Try it: Every picture is to be removed, and all the data is to be copied exactly.

Supplied material:

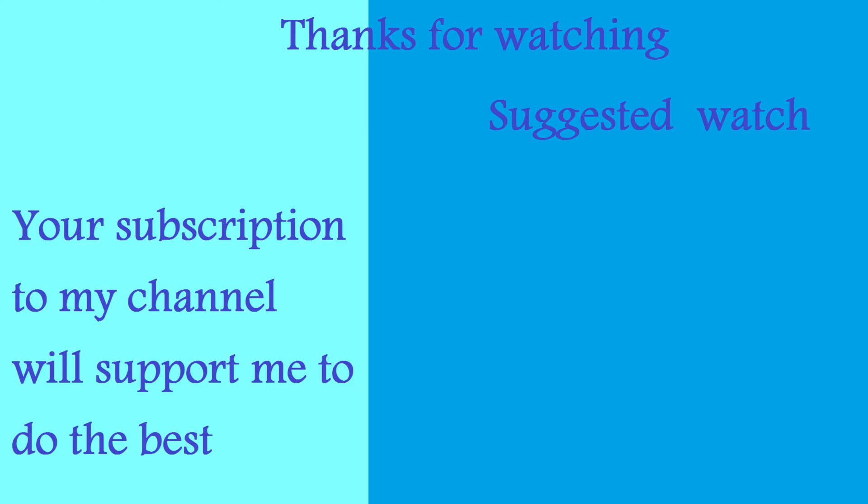I hope this video was helpful for you. Don't forget to share, subscribe, like, and turn on the notification bell. Thanks for watching.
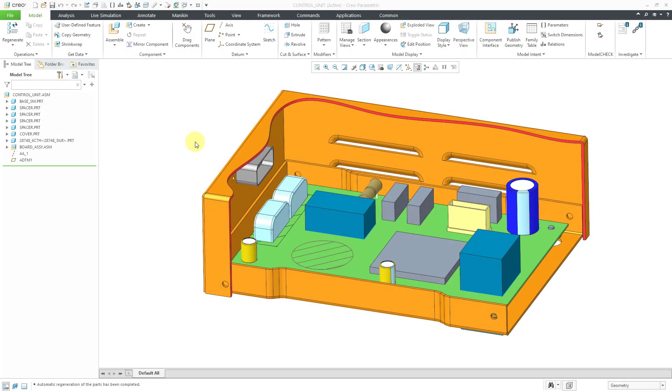In Creo Parametric, you can export intermediate data format or IDF files so that your electrical engineers can see the mechanical work that you've been doing, and then you can import new IDF files based on the work that the electrical engineers perform in their ECAD software. Let's take a look at how to do that.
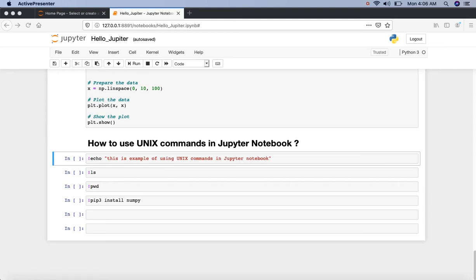Hi, this is Jay from Analytics Bay. In this video we are going to see how to use Unix commands in Jupyter Notebook. So let's get started.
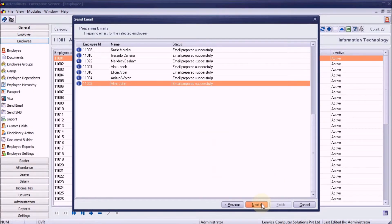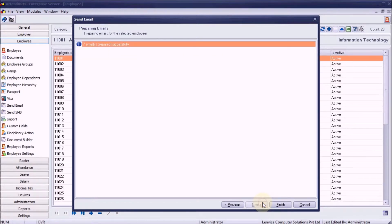The emails are prepared. Click Finish to send.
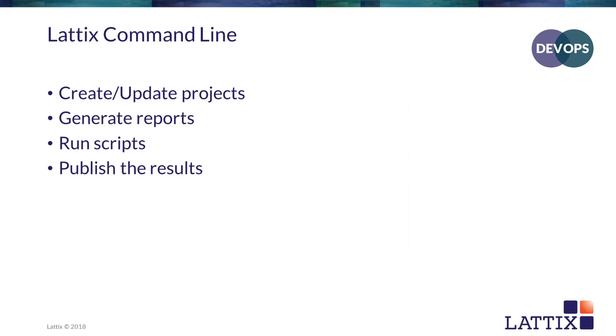Welcome to our video on Lattix command line, which is part of our DevOps series of videos. Lattix command line is a very powerful part of the Lattix suite of applications. Essentially what it does is allow you to do almost all the operations that you would do in a user interface with Lattix Architect in command line mode.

Result for this exercise:
I hope this video was helpful for you. Don't forget to share, subscribe, like, and turn on the notification bell. Thanks for watching.
In Creo Parametric, you can export intermediate data format or IDF files so that your electrical engineers can see the mechanical work that you've been doing, and then you can import new IDF files based on the work that the electrical engineers perform in their ECAD software. Let's take a look at how to do that.
Hi, this is Jay from Analytics Bay. In this video we are going to see how to use Unix commands in Jupyter Notebook. So let's get started.
The emails are prepared. Click Finish to send.
Welcome to our video on Lattix command line, which is part of our DevOps series of videos. Lattix command line is a very powerful part of the Lattix suite of applications. Essentially what it does is allow you to do almost all the operations that you would do in a user interface with Lattix Architect in command line mode.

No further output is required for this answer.